Se realmente a autoridade religiosa – falamos daquela constitutiva e diretiva da Igreja católica – fosse um poder arbitrário, ou fosse contrário à vida espiritual, ou colocasse vínculos indevidos à consciência, ou até mesmo se concebesse à mesma maneira da autoridade temporal, esta desconfiança, este ressentimento, esta reivindicação de autonomia subjetiva teria razão de ser. Mas vós sabeis que não é.

 

Vós que tendes, e quereis ter o “sentido da Igreja” sabeis muito bem de duas coisas, nesta discussão muito importante. E sabeis, em primeiro lugar, que a autoridade na Igreja, e, portanto, na religião, não se constitui por si só, mas ela foi instituída por Cristo; é o seu pensamento, é sua vontade, é obra sua; e, portanto, antes da autoridade da Igreja, devemos sentir a presença de Cristo. “Quem vos ouve, a mim ouve” (Luc. 10, 16), disse o Senhor.
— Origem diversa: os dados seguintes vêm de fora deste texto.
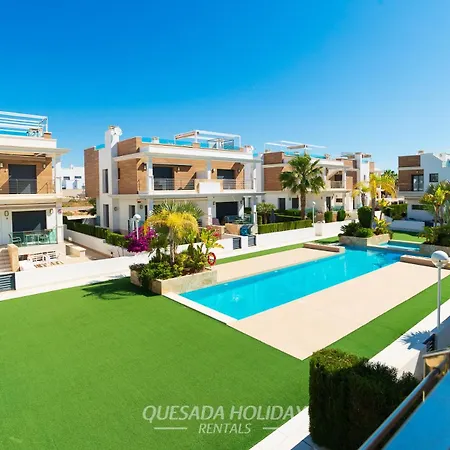 Fortuna Sunshine Quesada Feriehus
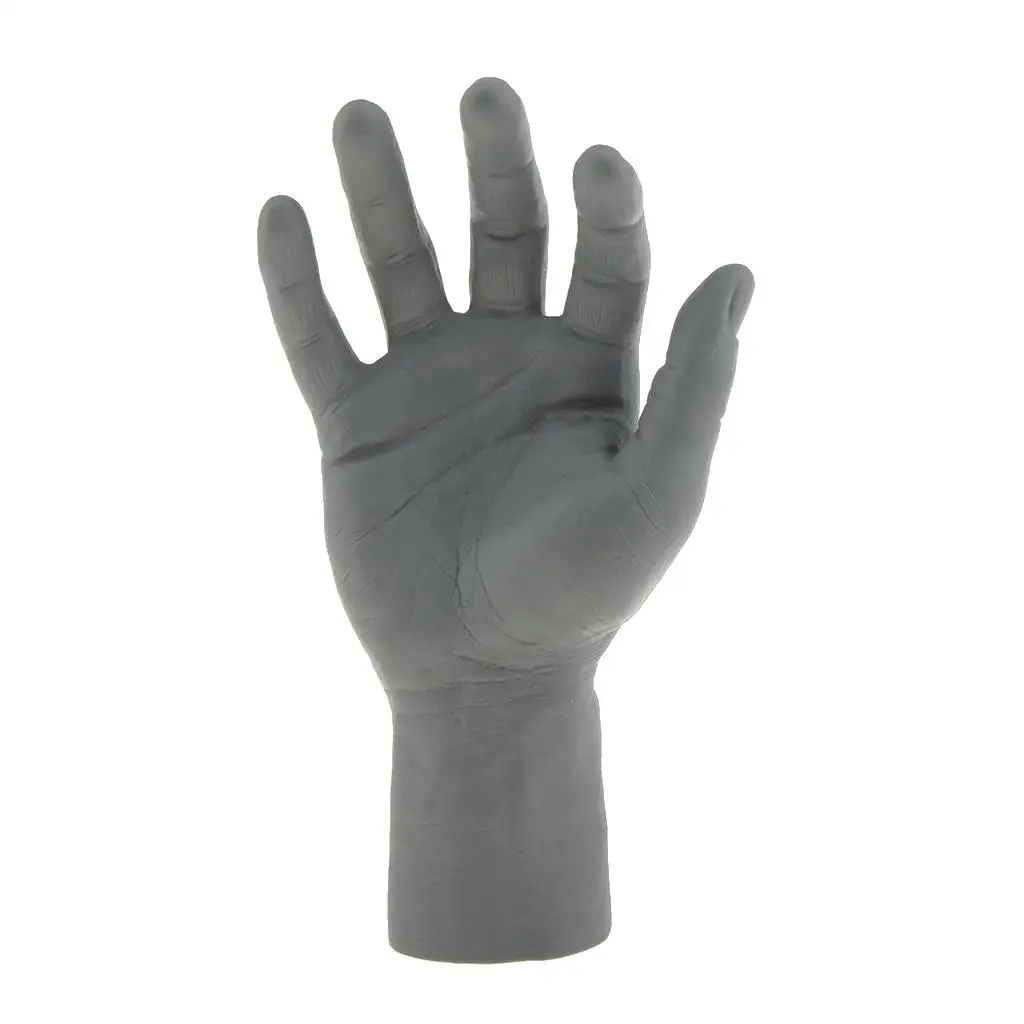 Mannequin Hand Male Life Size Realistic Hand Mannequin Display for Bracelets Watches Rings Shop Window
Mannequin Hand Male Life Size Realistic Hand Mannequin Display for Bracelets Watches Rings Shop Window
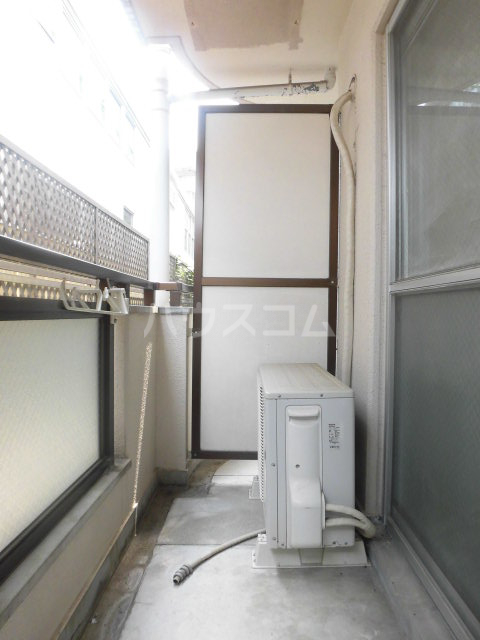 21/30 バルコニー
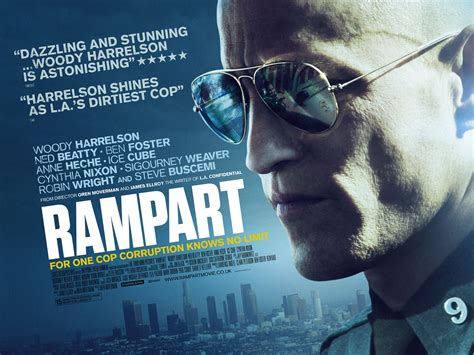 Rampart (#2 of 2): Mega Sized Movie Poster Image - IMP Awards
E todas as vezes que se tenta impugnar esta instituição, que é o poder apostólico, tanto de santificação, quanto de magistério e de governo na Igreja, se colide contra a palavra, contra o desejo, contra o amor de Cristo. Sim, até contra o amor de Cristo.

 

Porque a autoridade na Igreja, para ser eficaz, mesmo quando ela é forte e severa, é um instrumento da sua caridade. A autoridade na Igreja é o veículo do dom divino, é serviço de caridade para a caridade; de fato instituída a fim de pôr em exercício a favor da salvação o grande preceito do amor; não é expressão de orgulho, não está para realizar vantagem própria, nem mesmo é uma cópia da autoridade civil, armada com uma espada e vestida de glória. É uma função pastoral, direcionada para condução e para a prosperidade dos outros; e não só não é contrária à dignidade a vitalidade espiritual da alma em que é exercido, mas é instituída para conferir com precisão a sua dignidade e vitalidade espiritual e para garantir a sua luz da verdade divina, para distribuir os seus dons do Espírito, e para assegurar-lhes o caminho certo para Deus”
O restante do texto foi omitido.